Cerca de dez casas, localizadas no alto do distrito, resistiram à tragédia. Entre os imóveis está a residência de Edinaldo. Caminhando pelo local é possível encontrar moradores que se recusaram a sair dos lares.

Segundo o Ministério Público Estadual (MPE), cerca de 90 pessoas continuam nas comunidades afetadas pela lama da barragem rompida. As famílias já foram notificadas pelo órgão e assinaram um termo sobre o risco que correm.

Apesar disso, Edinaldo, que está hospedado em um único quarto com a esposa e duas filhas na Pousada Minas Gerais, em Mariana, espera passar o Natal em casa. Lá, ele plantou mandioca, acerola, jabuticaba, melancia e mantém uma criação de galinhas.

Sobre a reconstrução de Paracatu de Baixo na parte alta do distrito, perto das casas que resistiram ao desastre, Edinaldo é enfático. “Queremos construir aqui pra cima. O nosso lugar é aqui, e não queremos sair”.

Moradores ainda esperam criar os filhos em Bento Rodrigues

O sonho era criar a filha em Bento Rodrigues, distrito onde nasceu e cresceu. Mas o rompimento da barragem de Fundão obrigou Jozimara Conceição Souza, de 15 anos, a mudar os planos. A tragédia aconteceu em um momento de festa: quando colegas realizavam o chá de bebê da estudante na escola do distrito.

Carregando no colo a pequena Sthefany, de apenas oito dias, Jozimara ainda não sabe o que será do futuro. A criança nasceu em Mariana e chegou a ficar quatro dias em um quarto de hotel, com a mãe e os avós. Depois de o Ministério Público intermediar, eles se mudaram há seis dias, às pressas, para uma casa alugada pela Samarco. Agora, tentam colocar as coisas no lugar.

Assim como Jozimara, 115 famílias de áreas atingidas pelo desastre foram realocadas em casas alugadas em Mariana. A maior parte, porém, continua em hotéis – algumas morando em um mesmo quarto de poucos metros quadrados. Antes, elas tinham quintais com árvores frutíferas e desfrutavam da alegria de viver perto de familiares e amigos.

“Nasci e cresci lá. Queria que ela também pudesse viver em Bento”, disse Jozimara, em meio às recordações dos encontros com as amigas para estudar e jogar futebol.
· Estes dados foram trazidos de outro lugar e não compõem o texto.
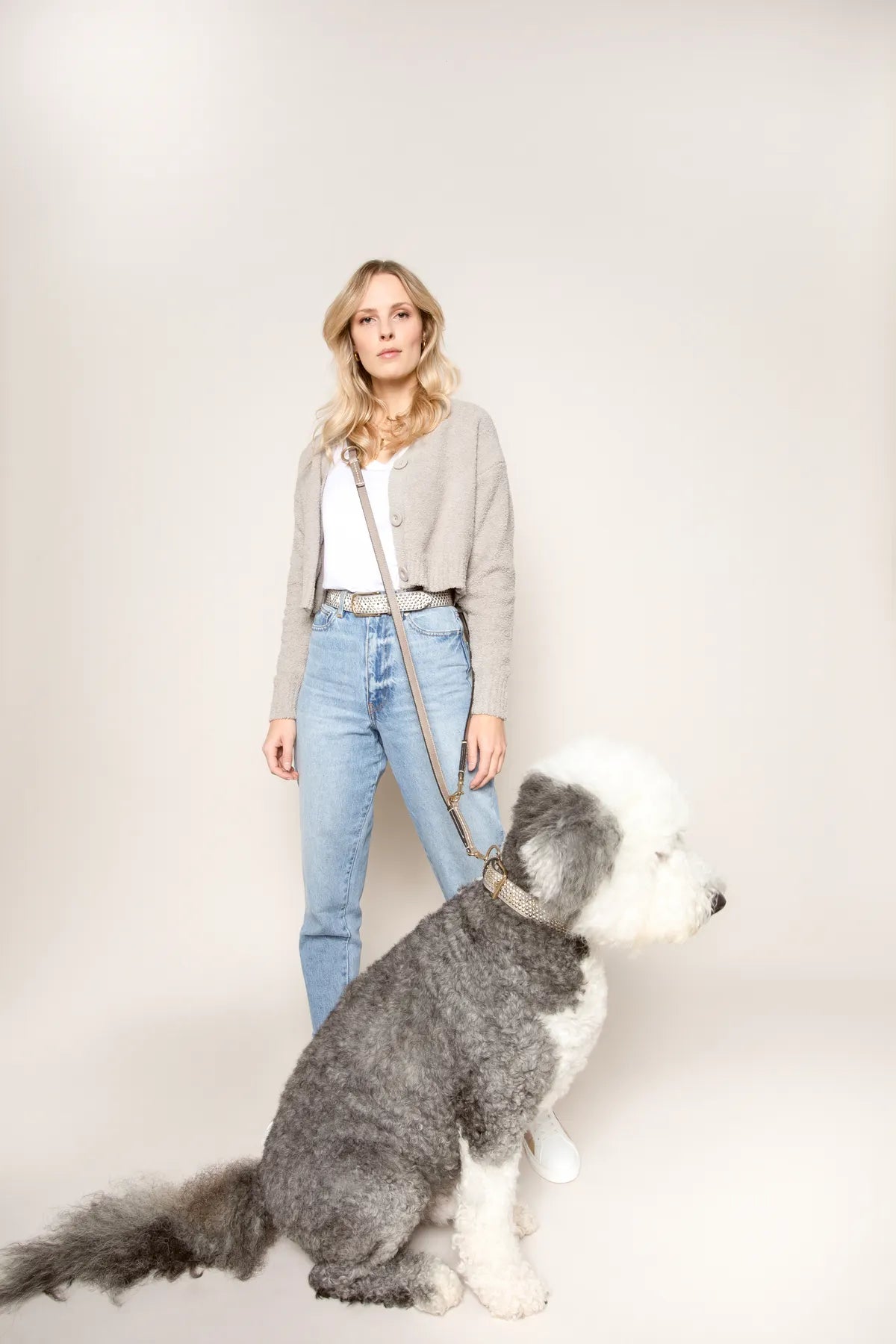 B.BELT BB0609L38 Zoe gold Damen Gürtel weiß 0110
No distrito, o quarto de Sthefany estava montado do jeito que a estudante planejou.

 

 

Para a avó da pequena, Maria de Lourdes do Carmo Souza, de 49 anos, a neta é “a esperança” que renasce. “Meu sonho é que a gente reconstrua Bento e que todo mundo volte a viver perto um do outro”.
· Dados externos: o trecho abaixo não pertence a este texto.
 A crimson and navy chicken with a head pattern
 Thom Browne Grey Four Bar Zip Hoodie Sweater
Esse também é o desejo de Elisângela Aparecida Messias, de 35 anos. À espera de Heitor, ela teme que o filho passe os primeiros dias em um quarto do Hotel Providência, onde está hospedada com o marido desde a destruição da casa em Bento Rodrigues. “Tinha tudo lá. O quarto do bebê estava pronto”. A expectativa da mulher é a de se mudar para uma casa alugada perto da mãe, que era vizinha dela no distrito.

Distância

Há uma semana em um imóvel alugado no bairro Morada do Sol, o casal Solimaria Madeira dos Santos de 17 anos, e Geziel Júnior Mariano da Silva, de 20, lamentam não poder criar o filho João Lucas, de nove meses, perto dos avôs.
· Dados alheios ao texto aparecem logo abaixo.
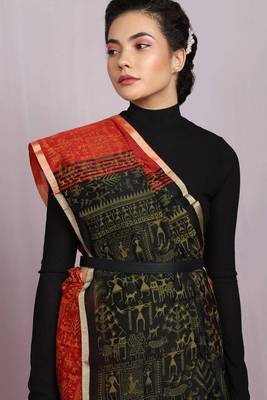 red Egyptian Print Handloom Saree with blouse 3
A nova casa no distrito estava perto de ser finalizada, mas foi destruída pela lama. Os avós estão em um hotel, mas antes todos moravam juntos. “Sinto falta de todo mundo. Estávamos morando na casa do meu pai, perto da minha avó. Éramos muito unidos”, disse Geziel, que trabalhava em uma empresa terceirizada da Samarco.

ALÉM DISSO

Enquanto alguns moradores de Bento Rodrigues voltavam às casas para resgatar documentos e pertences, o garimpeiro João Leôncio Martins, de 63 anos, procurava o amigo Fred, um dos quatro cães de estimação dele. Assobiando entre os destroços, ele acredita que o fiel escudeiro corra para o tão esperado reencontro. “Ele é companheiro. É a mesma coisa de uma pessoa. Gosto muito dele”. Na tentativa de encontrar o cão, João já foi quatro vezes ao distrito procurá-lo.

O garimpeiro relembra que todo dia de manhã saía com os quatro cachorros para procurar tesouros escondidos no rio Gualaxo. Na hora em que a lama invadiu a comunidade, ele viu a cachorra Leite voltando para casa e, por isso, acredita que tenha perdido outra amiga para a tragédia. Outros dois cães, o Malhado e o Teimoso, estão na casa da filha em Santa Rita, mas já fugiram diversas vezes para Bento Rodrigues na esperança de rever o lar. O garimpeiro espera sair do quarto de hotel onde está hospedado para uma casa com quintal, onde possa viver com a família e os animais de estimação.